▶ Your goal
Skip every picture, and copy exactly the lines from the one containing "P.a.r.o.s.h Relaxed-fit Pants" to the end of the data.

Image-caption web data
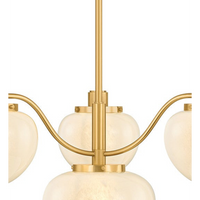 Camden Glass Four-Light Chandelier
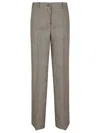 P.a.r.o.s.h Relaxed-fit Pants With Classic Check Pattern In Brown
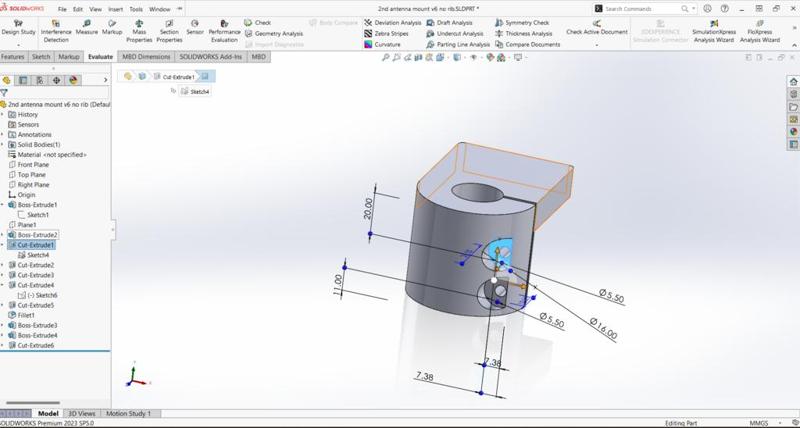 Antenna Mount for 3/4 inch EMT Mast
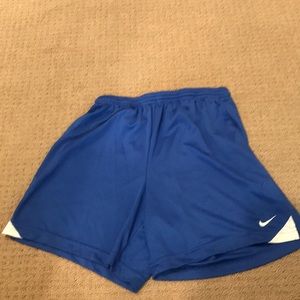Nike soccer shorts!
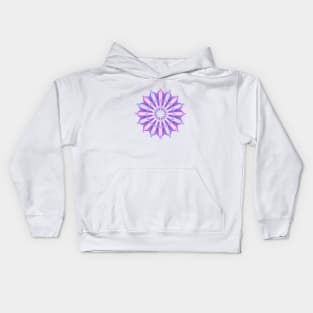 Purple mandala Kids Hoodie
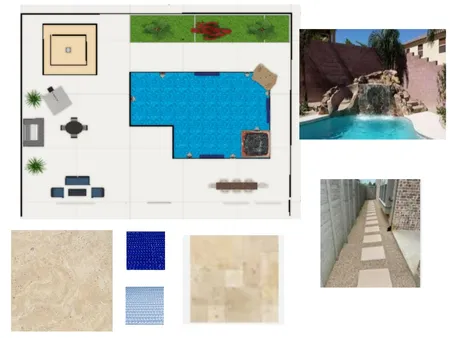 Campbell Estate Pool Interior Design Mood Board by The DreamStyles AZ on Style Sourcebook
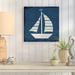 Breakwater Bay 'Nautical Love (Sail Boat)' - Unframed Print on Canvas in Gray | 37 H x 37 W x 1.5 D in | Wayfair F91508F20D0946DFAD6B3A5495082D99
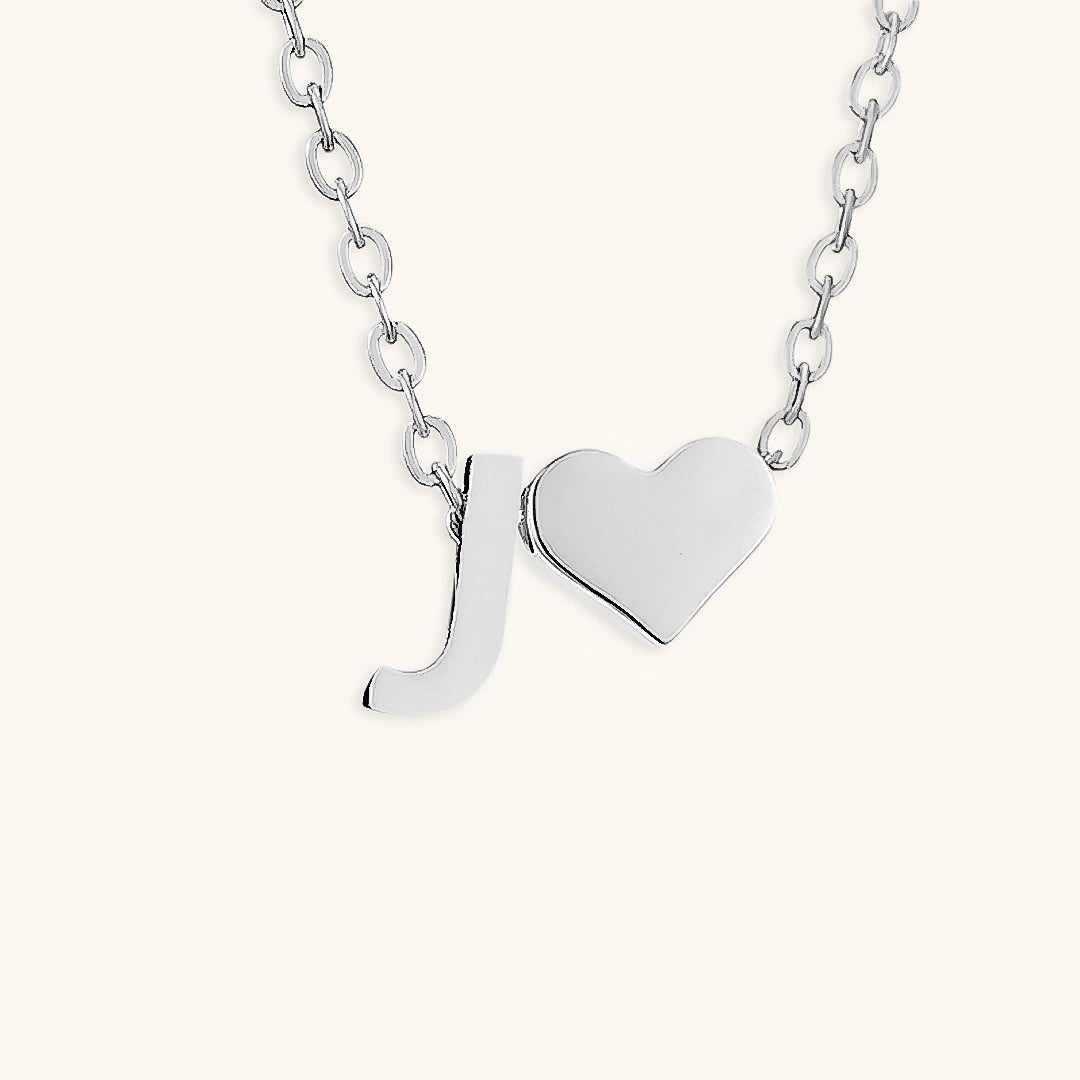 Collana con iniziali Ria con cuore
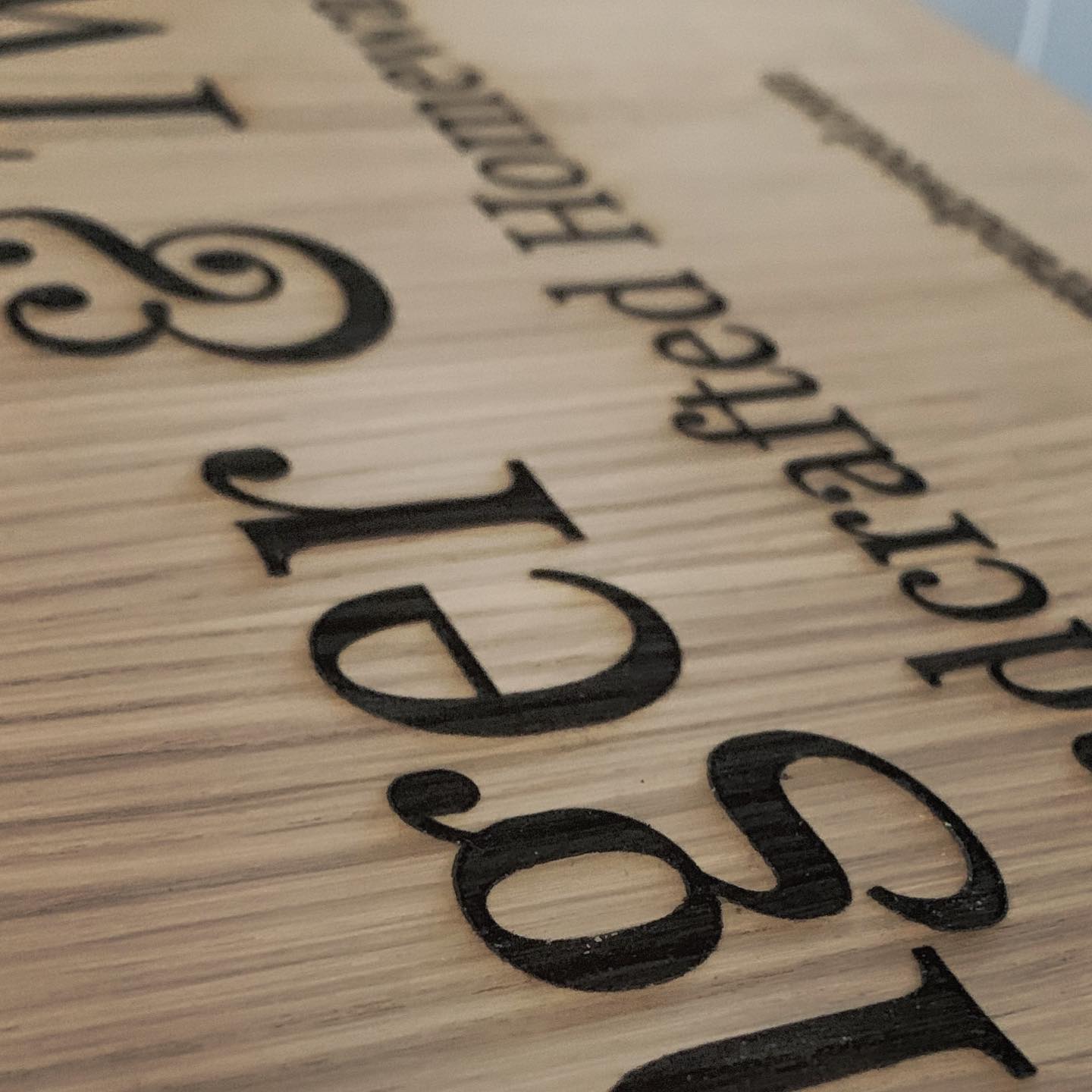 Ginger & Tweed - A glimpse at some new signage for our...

▶ Solution to this exercise
 P.a.r.o.s.h Relaxed-fit Pants With Classic Check Pattern In Brown
 Antenna Mount for 3/4 inch EMT Mast
Nike soccer shorts!
 Purple mandala Kids Hoodie
 Campbell Estate Pool Interior Design Mood Board by The DreamStyles AZ on Style Sourcebook
 Breakwater Bay 'Nautical Love (Sail Boat)' - Unframed Print on Canvas in Gray | 37 H x 37 W x 1.5 D in | Wayfair F91508F20D0946DFAD6B3A5495082D99
 Collana con iniziali Ria con cuore
 Ginger & Tweed - A glimpse at some new signage for our...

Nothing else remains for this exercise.